Public historians may sometimes feel like the Rodney Dangerfields of the profession ("don't get no respect"). While it is a source of some pride to be the professional historian for, say, the Artillery Center and School, there is the feeling among many academics that such historians are little more than "hired guns" (no pun intended), who basically write and teach what they are told. Now it is true that a historian who believes that the American military basically consists of a gaggle of cement-headed Neanderthal fascists is unlikely to apply for a job as an army historian in the first place. Conversely, anyone simple enough to look upon the military as the spotless repository of all that is good and true in America will also not get far beyond the first interview. Army historians, of course, can point out that there are prevailing trends and fashions that academic historians up for tenure violate at their professional peril.

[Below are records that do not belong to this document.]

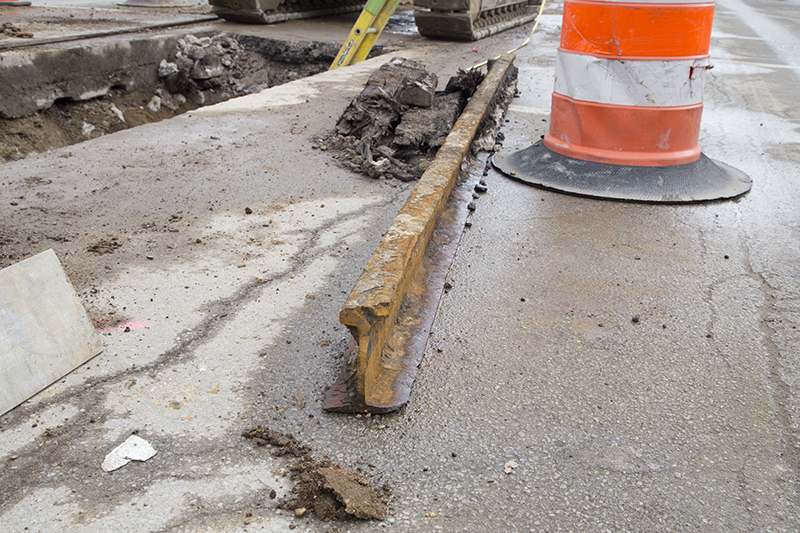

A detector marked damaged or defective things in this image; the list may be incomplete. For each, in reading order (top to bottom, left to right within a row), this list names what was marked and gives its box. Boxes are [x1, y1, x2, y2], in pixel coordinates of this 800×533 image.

rusty steel rail [324, 54, 520, 412]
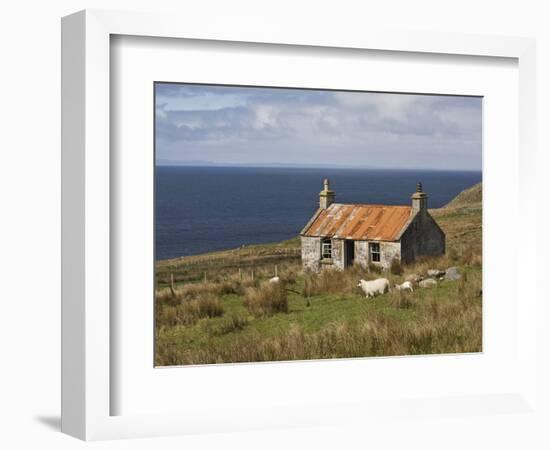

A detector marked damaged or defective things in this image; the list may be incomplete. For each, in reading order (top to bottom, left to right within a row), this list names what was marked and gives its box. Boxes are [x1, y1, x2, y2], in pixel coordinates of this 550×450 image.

rusty corrugated metal roof [302, 202, 414, 241]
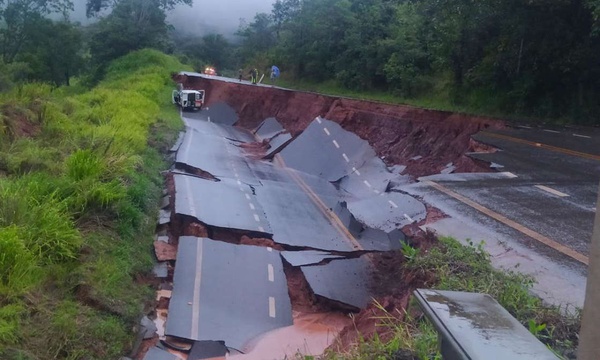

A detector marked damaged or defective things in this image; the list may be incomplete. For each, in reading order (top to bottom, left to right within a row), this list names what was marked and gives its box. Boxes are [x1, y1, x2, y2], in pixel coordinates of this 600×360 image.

broken asphalt slab [280, 117, 376, 181]
broken asphalt slab [172, 174, 274, 233]
broken asphalt slab [166, 236, 292, 352]
broken asphalt slab [300, 256, 376, 310]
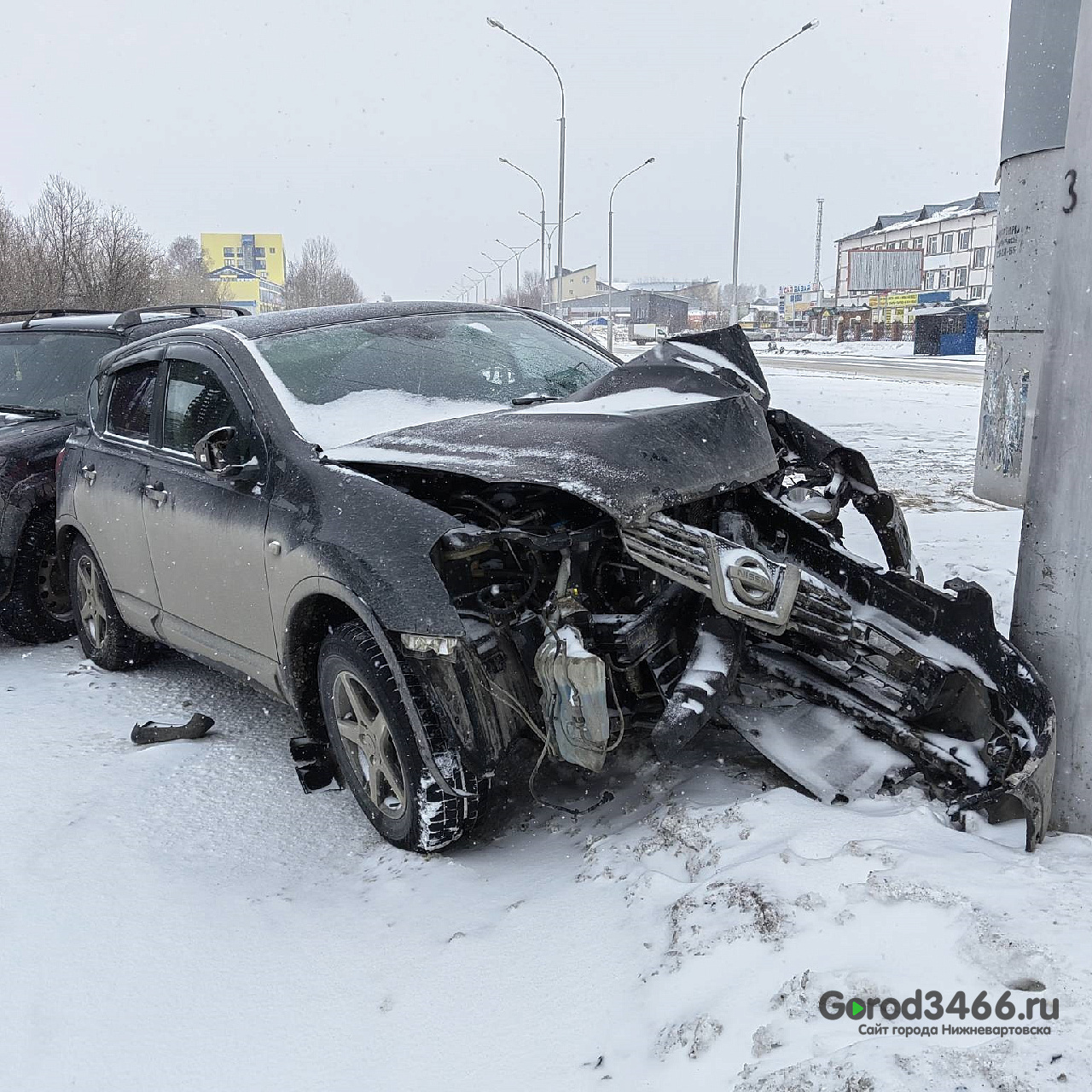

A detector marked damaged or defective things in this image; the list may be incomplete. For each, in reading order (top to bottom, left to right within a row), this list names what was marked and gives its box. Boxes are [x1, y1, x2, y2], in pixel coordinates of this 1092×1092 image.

crumpled hood [322, 350, 778, 519]
crashed suv [55, 300, 1051, 853]
destroyed front bumper [621, 505, 1058, 853]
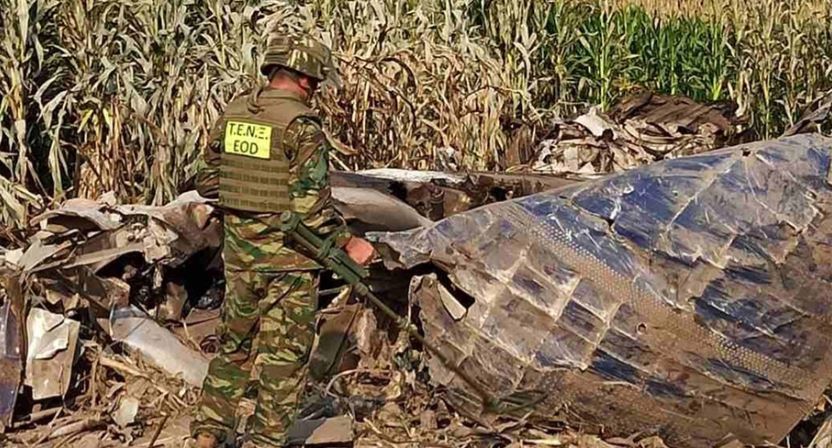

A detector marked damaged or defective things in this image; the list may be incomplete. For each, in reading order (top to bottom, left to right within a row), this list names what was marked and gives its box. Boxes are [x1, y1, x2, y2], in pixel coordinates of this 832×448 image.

torn aluminum panel [25, 308, 80, 400]
crumpled metal fragment [374, 135, 832, 446]
torn aluminum panel [374, 135, 832, 448]
rusted metal piece [374, 135, 832, 448]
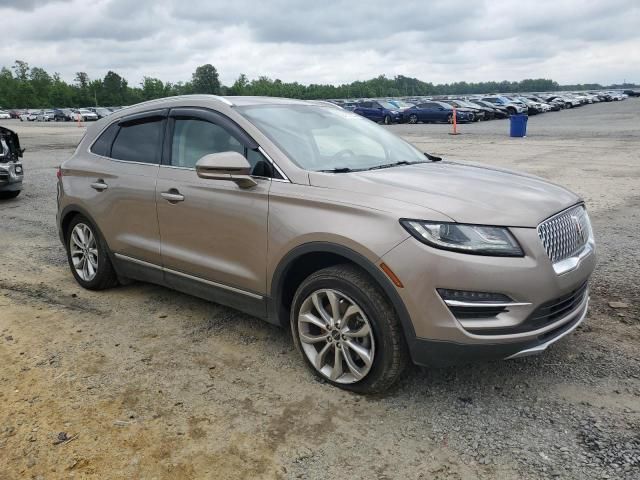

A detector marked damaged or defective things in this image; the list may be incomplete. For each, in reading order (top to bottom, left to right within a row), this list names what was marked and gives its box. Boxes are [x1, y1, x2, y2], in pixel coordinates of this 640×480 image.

damaged vehicle [0, 125, 24, 199]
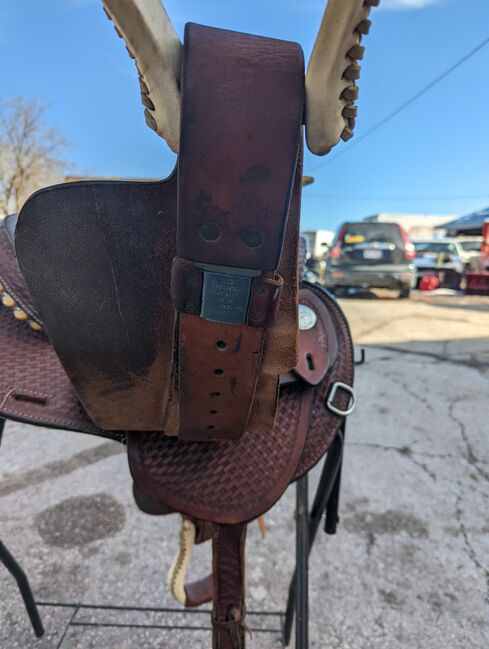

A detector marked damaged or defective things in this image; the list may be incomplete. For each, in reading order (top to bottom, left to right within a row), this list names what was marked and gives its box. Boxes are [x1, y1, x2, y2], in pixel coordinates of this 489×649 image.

crack in pavement [0, 440, 124, 496]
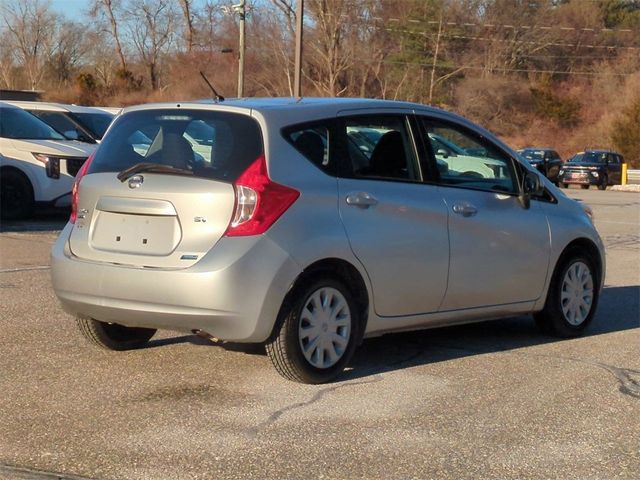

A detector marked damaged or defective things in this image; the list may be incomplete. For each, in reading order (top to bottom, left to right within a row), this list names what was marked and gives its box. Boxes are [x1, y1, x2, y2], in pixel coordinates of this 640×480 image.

pavement crack [248, 376, 382, 436]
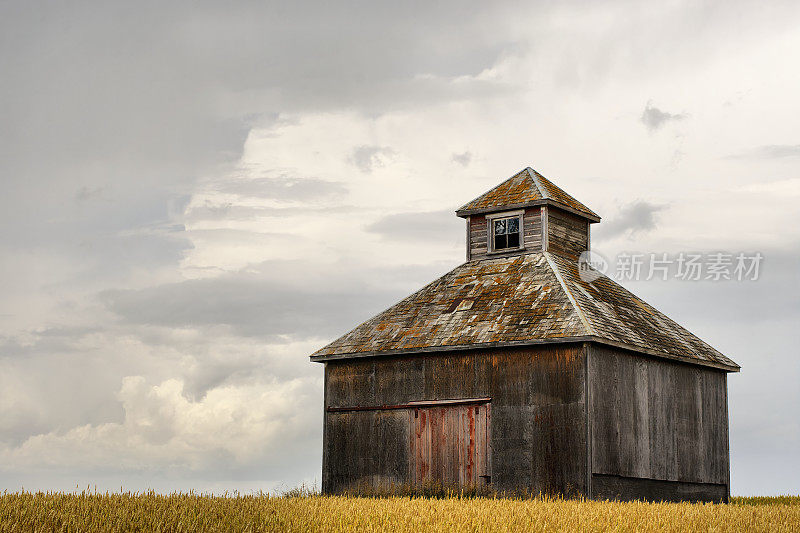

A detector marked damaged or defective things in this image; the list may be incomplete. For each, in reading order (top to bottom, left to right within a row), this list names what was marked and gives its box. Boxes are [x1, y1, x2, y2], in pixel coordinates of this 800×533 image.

broken window [490, 215, 520, 250]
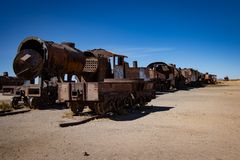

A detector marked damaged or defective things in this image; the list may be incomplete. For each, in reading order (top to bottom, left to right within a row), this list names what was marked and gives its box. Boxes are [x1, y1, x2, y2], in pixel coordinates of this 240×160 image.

rusted locomotive [8, 36, 155, 114]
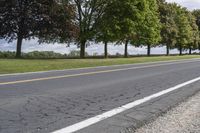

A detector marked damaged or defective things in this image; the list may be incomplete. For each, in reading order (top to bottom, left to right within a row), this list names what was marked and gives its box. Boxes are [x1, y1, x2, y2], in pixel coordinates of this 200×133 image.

cracked asphalt [0, 59, 200, 133]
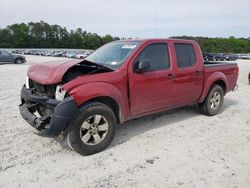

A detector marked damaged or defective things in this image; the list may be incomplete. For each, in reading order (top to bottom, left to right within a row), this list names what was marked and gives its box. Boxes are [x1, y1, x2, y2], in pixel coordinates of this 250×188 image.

crumpled hood [27, 59, 81, 84]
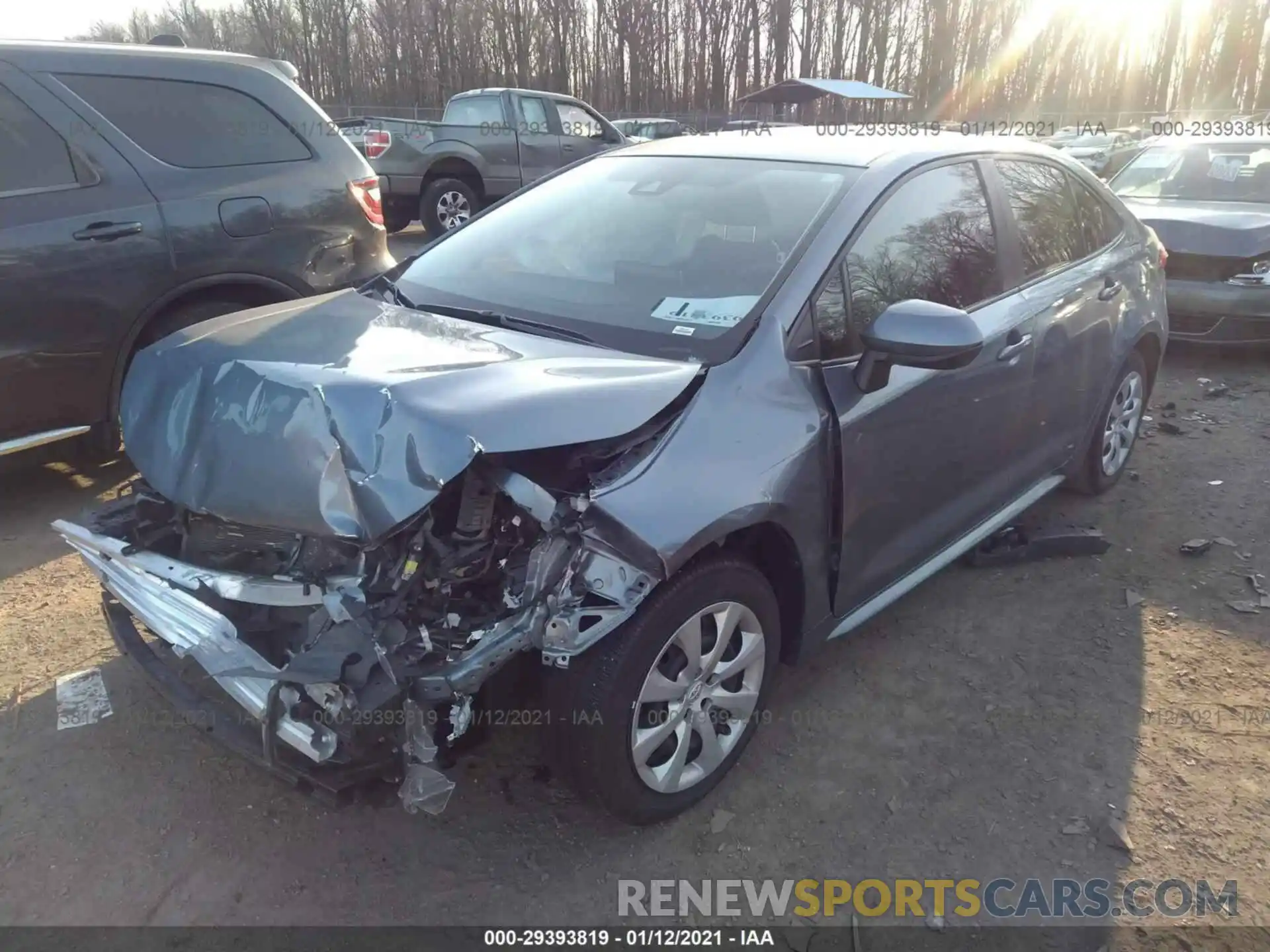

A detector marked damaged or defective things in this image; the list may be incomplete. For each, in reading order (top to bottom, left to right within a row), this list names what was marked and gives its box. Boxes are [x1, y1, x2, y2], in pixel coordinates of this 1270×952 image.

crumpled hood [1122, 200, 1270, 258]
torn metal panel [122, 290, 700, 543]
crumpled hood [126, 290, 706, 540]
damaged gray sedan [60, 130, 1168, 822]
broken bumper piece [55, 518, 337, 766]
crushed front end [52, 452, 665, 817]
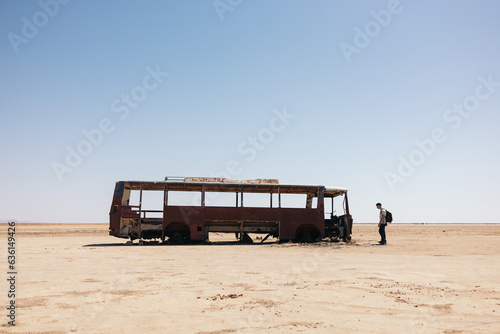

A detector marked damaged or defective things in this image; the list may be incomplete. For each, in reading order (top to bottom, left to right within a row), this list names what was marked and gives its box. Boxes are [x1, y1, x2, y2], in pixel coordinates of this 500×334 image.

abandoned rusty bus [109, 177, 354, 243]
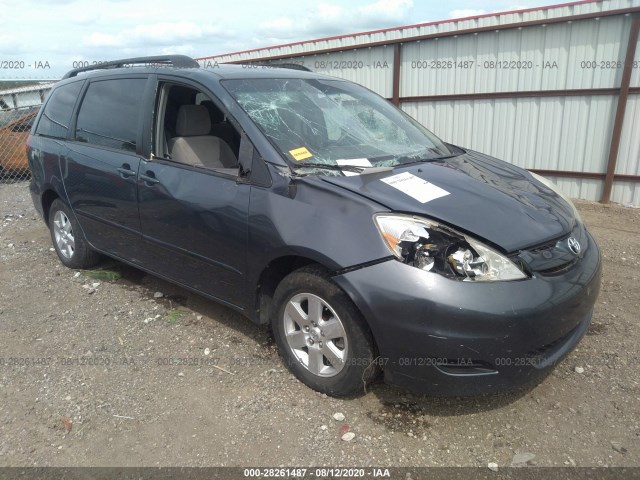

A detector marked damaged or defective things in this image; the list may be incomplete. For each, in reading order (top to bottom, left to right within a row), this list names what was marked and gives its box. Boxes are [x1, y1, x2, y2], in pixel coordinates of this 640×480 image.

shattered windshield glass [222, 79, 452, 174]
cracked windshield [222, 79, 452, 174]
broken headlight [376, 214, 524, 282]
missing headlight lens [376, 215, 524, 282]
damaged front bumper [332, 231, 604, 396]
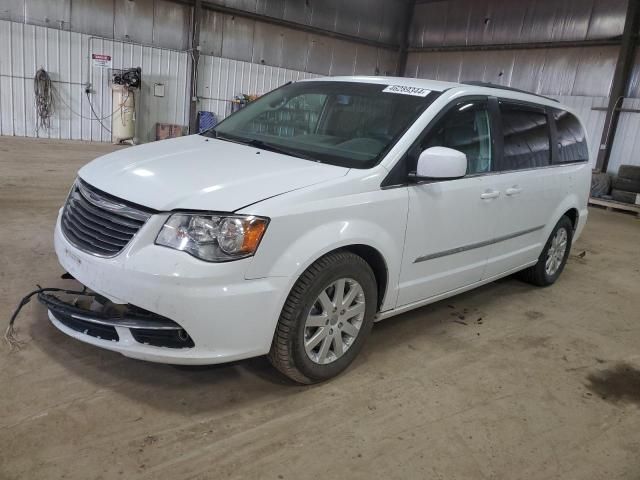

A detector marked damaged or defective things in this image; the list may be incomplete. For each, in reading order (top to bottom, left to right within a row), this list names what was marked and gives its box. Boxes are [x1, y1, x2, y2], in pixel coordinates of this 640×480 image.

damaged front bumper [38, 288, 194, 348]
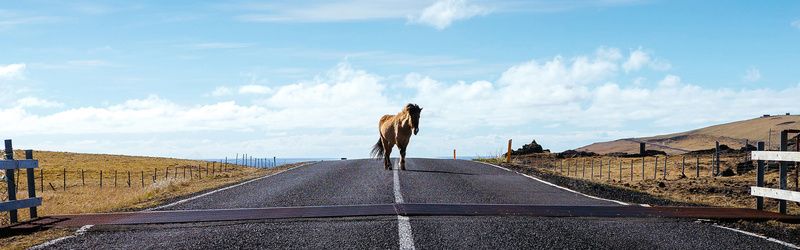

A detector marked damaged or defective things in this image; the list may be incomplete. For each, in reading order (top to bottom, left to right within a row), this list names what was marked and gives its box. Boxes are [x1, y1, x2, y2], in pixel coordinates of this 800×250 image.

rusty metal grate [4, 203, 800, 230]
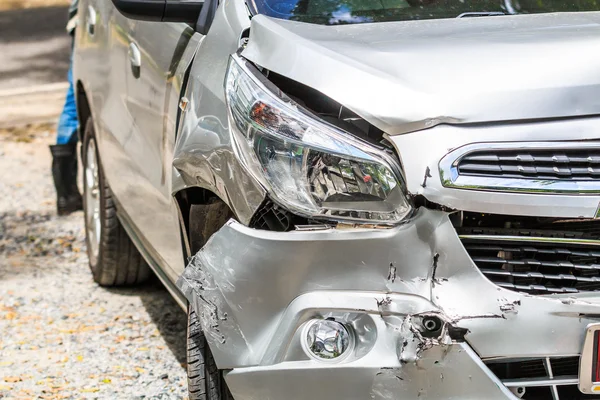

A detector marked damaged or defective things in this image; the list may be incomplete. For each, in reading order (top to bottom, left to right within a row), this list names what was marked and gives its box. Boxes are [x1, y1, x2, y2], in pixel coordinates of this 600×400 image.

crumpled car hood [241, 12, 600, 134]
cracked bumper [175, 208, 600, 398]
torn bumper plastic [176, 208, 600, 398]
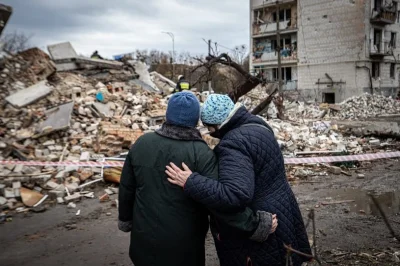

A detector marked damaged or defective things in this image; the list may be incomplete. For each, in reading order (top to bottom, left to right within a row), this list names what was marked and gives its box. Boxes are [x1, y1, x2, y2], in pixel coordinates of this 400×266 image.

broken concrete slab [47, 41, 78, 61]
damaged apartment building [250, 0, 400, 102]
broken concrete slab [5, 80, 52, 108]
broken concrete slab [36, 101, 74, 136]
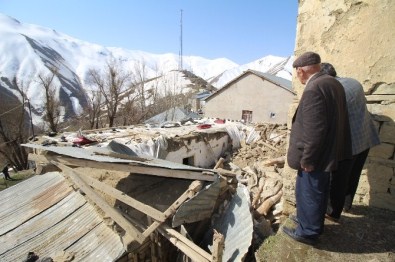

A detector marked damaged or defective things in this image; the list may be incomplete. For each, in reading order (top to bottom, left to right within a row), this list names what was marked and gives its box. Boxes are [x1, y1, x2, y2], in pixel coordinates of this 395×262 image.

damaged structure [0, 119, 288, 260]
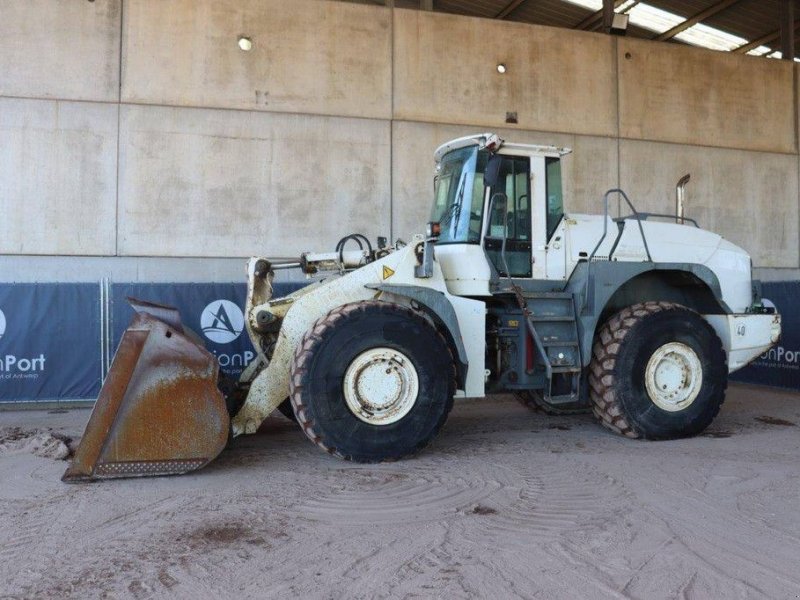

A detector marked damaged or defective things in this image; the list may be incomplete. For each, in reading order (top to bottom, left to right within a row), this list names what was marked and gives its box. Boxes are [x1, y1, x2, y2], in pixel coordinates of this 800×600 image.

rusty bucket [63, 298, 228, 482]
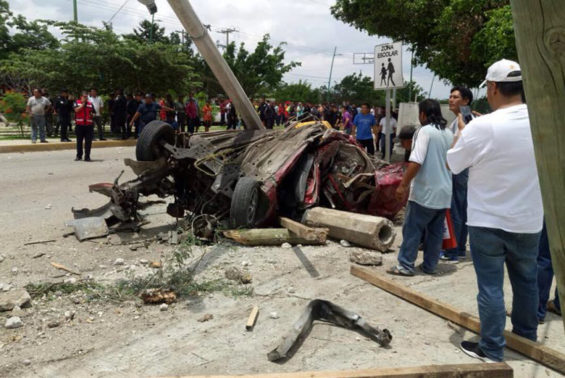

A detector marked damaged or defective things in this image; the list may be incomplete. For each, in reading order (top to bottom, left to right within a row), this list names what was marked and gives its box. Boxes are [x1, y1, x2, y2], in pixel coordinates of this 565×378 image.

overturned car [75, 118, 408, 232]
wrecked red car [77, 119, 408, 229]
shattered car body panel [77, 119, 408, 229]
broken concrete pole segment [221, 229, 326, 247]
broken concrete pole segment [302, 207, 394, 251]
broken concrete pole segment [266, 300, 390, 362]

In recent years, public history has been called upon to help ameliorate in some modest way the vast disparity between the few full-time history jobs and the glut of history PhDs looking for such positions. Perhaps the most gratifying aspect of the Army's history program is that it does occasionally offer positions for PhD historians, and all are full-time, "tenure-track" jobs at that.


Stanley Sandler received his PhD from the University of London and held (1999–2000) the Conquest Chair in History at the Virginia Military Institute.